Final Report

This is the final report for the capstone project within the Data Science Specialization Program from John Hopkins University.

Understanding the problem

  • We want to be able to predict a word given 1, 2, or 3 words using a basic n-gram model.
  • An n-gram model is trained on a corpus (large body of text).
  • The model counts how often different sequences of n-words occur in the corpus.
  • It then estimates the probability of the word given the previous words using n-1.
  • The next word is selected by the highest probability.

Data Acquisition

The data provided can be downloaded here: https://d396qusza40orc.cloudfront.net/dsscapstone/dataset/Coursera-SwiftKey.zip

# Bring in data - Locally Saved
# Load Data
fileBlog <- readLines("en_US.blogs.txt", encoding = "UTF-8")
fileNews <- readLines("en_US.news.txt", encoding = "UTF-8")
fileTwitter <- readLines("en_US.twitter.txt", encoding = "UTF-8")

There are now 3 large character vectors.

Clean and prepare data

#Creating function to auto clean
clean_data <- function(data) {
  data <- trimws(data)      # Remove leading/trailing whitespace
  data <- unique(data)      # Remove duplicates
  return(data[nzchar(data)])  # Remove empty strings
}

fileBlog <- clean_data(fileBlog)
fileNews <- clean_data(fileNews)
fileTwitter <- clean_data(fileTwitter)

Due to memory issues, had to swap to data.table and try to be more efficient. Then everything worked but couldn’t KNIT so swapped to chunk processing

process_ngrams_in_chunks <- function(data, n, chunk_size = 10000) {
  num_chunks <- ceiling(length(data) / chunk_size)  # Calculate total chunks
  freq_table <- data.table(Phrase = character(), Frequency = integer())  # Initialize empty table

  for (i in seq_len(num_chunks)) {
    # Get the current chunk
    chunk_start <- (i - 1) * chunk_size + 1
    chunk_end <- min(i * chunk_size, length(data))
    chunk <- data[chunk_start:chunk_end]

    # Generate n-grams for the chunk
    ngrams <- tokenize_ngrams(chunk, n = n)

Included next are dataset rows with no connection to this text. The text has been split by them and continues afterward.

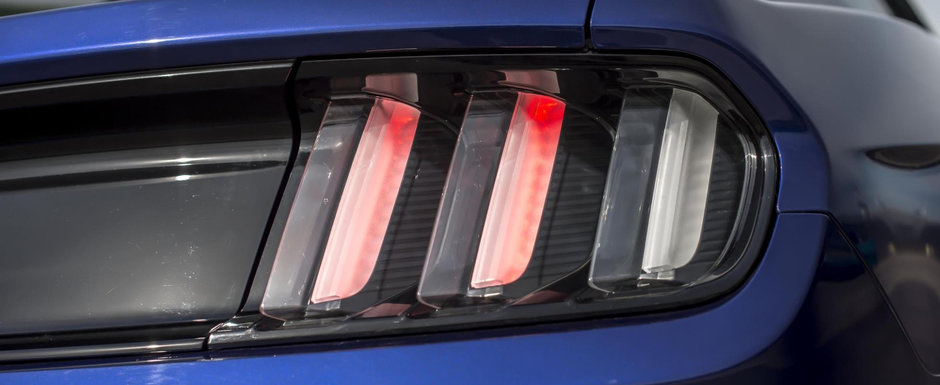 Toata lumea se inghesuie sa cumpere versiunea V8. Compania producatoare anunta ca renunta sa mai vanda modelul in patru cilindri Toata lumea se inghesuie sa cumpere versiunea V8. Compania producatoare anunta ca renunta sa mai vanda modelul in patru cilindri
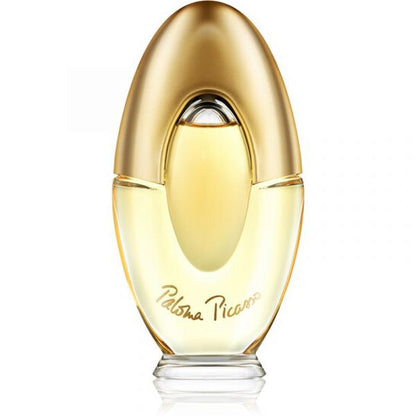 Paloma Picasso Eau de Toilette Spray for Women 3.3 Fl. Oz – Classic Floral Chypre Perfume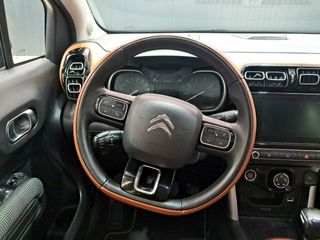 Citroën C3 Aircross BlueHDi 73kW (100CV) S&S SHINE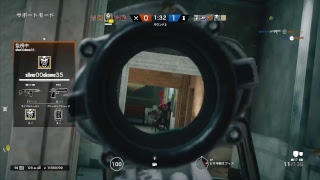 炒り大豆クラマスがお送りするR6S海外ツアーランク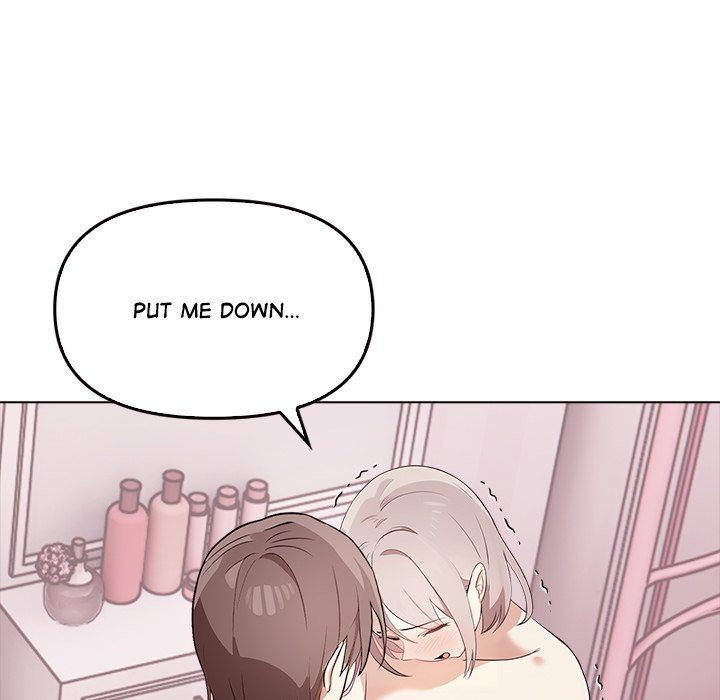 Honestly, I like you a lot! - Page 125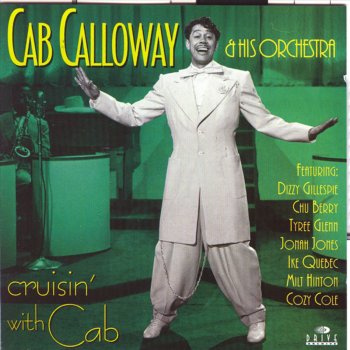 Cab Calloway and His Orchestra Cupid's Nightmare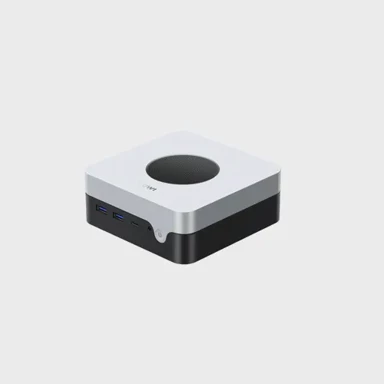 CHUWI Stolno računalo Larkbox X N100 / AMD Ryzen 7, 8GB, 256GB SSD, AMD Radeon Vega10, Windows 11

    # Create frequency table for the chunk
    chunk_table <- data.table(Phrase = unlist(ngrams))
    chunk_table <- chunk_table[, .N, by = Phrase]
    setnames(chunk_table, "N", "Frequency")

    # Merge with the main frequency table
    freq_table <- rbindlist(list(freq_table, chunk_table))
    freq_table <- freq_table[, .(Frequency = sum(Frequency)), by = Phrase]
  }

  # Order by frequency
  setorder(freq_table, -Frequency)
  return(freq_table)
}

biGramBlog_table <- process_ngrams_in_chunks(fileBlog, 2, chunk_size = 100000)
triGramBlog_table <- process_ngrams_in_chunks(fileBlog, 3, chunk_size = 100000)

biGramNews_table <- process_ngrams_in_chunks(fileNews, 2, chunk_size = 100000)
triGramNews_table <- process_ngrams_in_chunks(fileNews, 3, chunk_size = 100000)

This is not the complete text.